The present study was done to assess the role of sudden cardiac death (SCD) among the presenting manifestations of and fatalities from cardiac sarcoidosis (CS).We analysed altogether 351 cases of CS presenting from year 1998 through 2015 in Finland. There were 262 patients with a clinical diagnosis and treatment of CS, 27 patients with an initial lifetime diagnosis of giant cell myocarditis that was later converted to CS, and 62 cases detected at autopsy and identified by screening >820 000 death certificates from the national cause-of-death registry.
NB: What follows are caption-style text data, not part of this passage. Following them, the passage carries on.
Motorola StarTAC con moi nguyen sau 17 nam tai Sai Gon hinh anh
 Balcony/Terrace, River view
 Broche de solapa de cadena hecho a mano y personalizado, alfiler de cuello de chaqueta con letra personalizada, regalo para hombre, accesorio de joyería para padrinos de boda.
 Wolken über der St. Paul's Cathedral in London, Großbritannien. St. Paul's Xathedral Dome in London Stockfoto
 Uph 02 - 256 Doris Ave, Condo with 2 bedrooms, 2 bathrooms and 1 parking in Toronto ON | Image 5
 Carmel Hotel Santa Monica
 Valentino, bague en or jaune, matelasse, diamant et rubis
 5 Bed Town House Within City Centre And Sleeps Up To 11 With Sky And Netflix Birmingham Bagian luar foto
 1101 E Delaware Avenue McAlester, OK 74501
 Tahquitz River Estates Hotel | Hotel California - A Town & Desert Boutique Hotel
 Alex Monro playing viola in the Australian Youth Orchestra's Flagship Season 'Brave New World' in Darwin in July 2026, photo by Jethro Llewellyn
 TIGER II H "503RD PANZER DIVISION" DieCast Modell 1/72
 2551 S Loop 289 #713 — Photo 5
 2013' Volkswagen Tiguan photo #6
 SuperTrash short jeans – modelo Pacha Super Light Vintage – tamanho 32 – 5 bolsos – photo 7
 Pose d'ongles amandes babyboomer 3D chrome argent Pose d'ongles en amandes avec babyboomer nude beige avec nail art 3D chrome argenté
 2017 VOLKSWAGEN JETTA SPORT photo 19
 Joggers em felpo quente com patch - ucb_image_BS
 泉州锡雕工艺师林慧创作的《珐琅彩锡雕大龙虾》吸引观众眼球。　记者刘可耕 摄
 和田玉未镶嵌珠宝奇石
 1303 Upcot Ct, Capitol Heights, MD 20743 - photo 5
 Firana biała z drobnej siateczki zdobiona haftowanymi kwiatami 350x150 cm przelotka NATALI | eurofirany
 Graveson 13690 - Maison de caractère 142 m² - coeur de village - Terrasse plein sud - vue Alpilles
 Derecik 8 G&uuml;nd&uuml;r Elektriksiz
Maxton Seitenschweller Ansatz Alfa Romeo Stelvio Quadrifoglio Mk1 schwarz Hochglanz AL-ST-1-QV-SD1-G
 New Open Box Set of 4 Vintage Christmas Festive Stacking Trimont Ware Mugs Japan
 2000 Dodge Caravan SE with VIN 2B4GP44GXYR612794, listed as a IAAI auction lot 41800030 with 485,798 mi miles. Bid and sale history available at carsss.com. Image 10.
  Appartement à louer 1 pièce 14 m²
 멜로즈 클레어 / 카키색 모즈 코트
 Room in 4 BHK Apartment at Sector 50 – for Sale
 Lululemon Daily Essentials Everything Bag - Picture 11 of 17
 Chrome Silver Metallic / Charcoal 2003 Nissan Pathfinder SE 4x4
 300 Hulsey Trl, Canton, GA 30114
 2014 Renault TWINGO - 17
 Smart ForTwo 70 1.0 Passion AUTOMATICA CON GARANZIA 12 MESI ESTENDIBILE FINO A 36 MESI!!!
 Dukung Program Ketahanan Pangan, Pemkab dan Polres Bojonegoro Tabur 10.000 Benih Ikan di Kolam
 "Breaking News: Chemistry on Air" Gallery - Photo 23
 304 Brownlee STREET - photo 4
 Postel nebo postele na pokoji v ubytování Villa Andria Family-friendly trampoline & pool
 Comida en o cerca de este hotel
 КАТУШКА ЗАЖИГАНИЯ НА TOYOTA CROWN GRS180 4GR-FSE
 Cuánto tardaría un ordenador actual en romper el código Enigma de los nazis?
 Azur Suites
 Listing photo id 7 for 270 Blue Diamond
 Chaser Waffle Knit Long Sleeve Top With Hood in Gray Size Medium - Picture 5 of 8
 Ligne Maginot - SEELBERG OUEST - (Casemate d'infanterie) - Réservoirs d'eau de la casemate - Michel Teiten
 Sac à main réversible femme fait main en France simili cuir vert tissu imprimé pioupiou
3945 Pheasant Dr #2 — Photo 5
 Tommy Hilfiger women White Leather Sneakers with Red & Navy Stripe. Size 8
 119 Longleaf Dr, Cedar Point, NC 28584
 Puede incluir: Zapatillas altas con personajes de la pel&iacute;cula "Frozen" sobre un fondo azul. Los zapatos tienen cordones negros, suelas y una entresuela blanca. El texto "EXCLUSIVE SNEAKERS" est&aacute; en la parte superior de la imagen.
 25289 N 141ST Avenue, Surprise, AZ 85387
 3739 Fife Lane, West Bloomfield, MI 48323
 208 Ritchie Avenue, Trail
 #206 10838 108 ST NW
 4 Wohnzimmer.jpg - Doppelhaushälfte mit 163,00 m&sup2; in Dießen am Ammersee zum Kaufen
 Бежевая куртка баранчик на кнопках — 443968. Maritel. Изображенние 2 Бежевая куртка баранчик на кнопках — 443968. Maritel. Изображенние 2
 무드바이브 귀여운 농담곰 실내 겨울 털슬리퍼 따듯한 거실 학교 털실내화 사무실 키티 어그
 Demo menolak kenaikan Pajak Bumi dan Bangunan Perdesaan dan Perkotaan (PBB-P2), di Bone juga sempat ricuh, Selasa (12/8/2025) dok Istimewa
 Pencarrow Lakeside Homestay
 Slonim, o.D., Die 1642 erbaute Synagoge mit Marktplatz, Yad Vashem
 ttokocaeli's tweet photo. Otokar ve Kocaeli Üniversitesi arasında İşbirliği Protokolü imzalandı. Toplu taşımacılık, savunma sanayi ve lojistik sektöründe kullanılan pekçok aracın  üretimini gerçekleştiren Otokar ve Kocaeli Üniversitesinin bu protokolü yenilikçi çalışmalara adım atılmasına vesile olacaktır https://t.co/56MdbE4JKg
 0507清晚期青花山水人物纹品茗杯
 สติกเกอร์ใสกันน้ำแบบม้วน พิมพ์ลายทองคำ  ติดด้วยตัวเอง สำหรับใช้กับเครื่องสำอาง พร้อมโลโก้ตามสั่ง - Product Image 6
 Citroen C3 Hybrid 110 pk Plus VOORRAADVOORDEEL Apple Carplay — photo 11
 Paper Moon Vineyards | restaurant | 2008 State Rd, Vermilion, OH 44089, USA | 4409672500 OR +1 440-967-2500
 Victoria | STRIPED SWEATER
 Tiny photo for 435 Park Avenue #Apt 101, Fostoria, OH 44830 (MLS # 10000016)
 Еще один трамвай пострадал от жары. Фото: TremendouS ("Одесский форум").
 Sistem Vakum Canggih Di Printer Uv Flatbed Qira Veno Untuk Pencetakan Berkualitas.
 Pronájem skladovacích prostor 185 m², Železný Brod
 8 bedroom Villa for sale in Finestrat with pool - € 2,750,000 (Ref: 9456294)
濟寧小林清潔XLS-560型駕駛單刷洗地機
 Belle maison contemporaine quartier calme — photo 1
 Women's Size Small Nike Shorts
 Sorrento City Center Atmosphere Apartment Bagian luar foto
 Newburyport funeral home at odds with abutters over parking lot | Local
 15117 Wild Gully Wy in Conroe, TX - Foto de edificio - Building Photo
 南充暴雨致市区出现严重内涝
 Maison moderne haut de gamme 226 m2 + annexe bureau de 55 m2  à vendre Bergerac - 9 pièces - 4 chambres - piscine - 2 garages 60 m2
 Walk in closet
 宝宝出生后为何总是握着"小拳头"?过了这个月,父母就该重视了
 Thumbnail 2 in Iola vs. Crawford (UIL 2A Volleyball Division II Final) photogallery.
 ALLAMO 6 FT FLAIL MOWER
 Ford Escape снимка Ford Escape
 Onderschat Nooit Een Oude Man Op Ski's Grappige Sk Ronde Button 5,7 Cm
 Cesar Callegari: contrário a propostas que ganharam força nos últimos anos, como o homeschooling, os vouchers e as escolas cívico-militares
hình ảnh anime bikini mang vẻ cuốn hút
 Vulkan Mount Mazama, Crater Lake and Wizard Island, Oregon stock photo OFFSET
The total case series comprised 253 females and 98 males aged on average 52 years at presentation. High-grade atrioventricular block was the most common first sign of CS (n = 147, 42%) followed by heart failure (n = 58, 17%), unexpected fatal (n = 38) or aborted (n = 12) SCD (14%), and sustained ventricular tachycardia (n = 48, 14%). Severe coronary artery disease was found at autopsy concomitant with CS in four of the 38 cases presenting with fatal SCD. Of all deaths recorded till the end of 2015, 64% (n = 54/84) were unexpected SCDs from CS that had either been silent during life or defied all attempts at diagnosis. The Kaplan-Meier estimate (95% CI) of survival from symptom onset was 85% (80-90%) at 5 years and 76% (68-84%) at 10 years.Together fatal and aborted SCD constitute 14% of the presenting manifestations of CS. Nearly two-thirds of all fatalities from CS are caused by undiagnosed granulomas in the heart.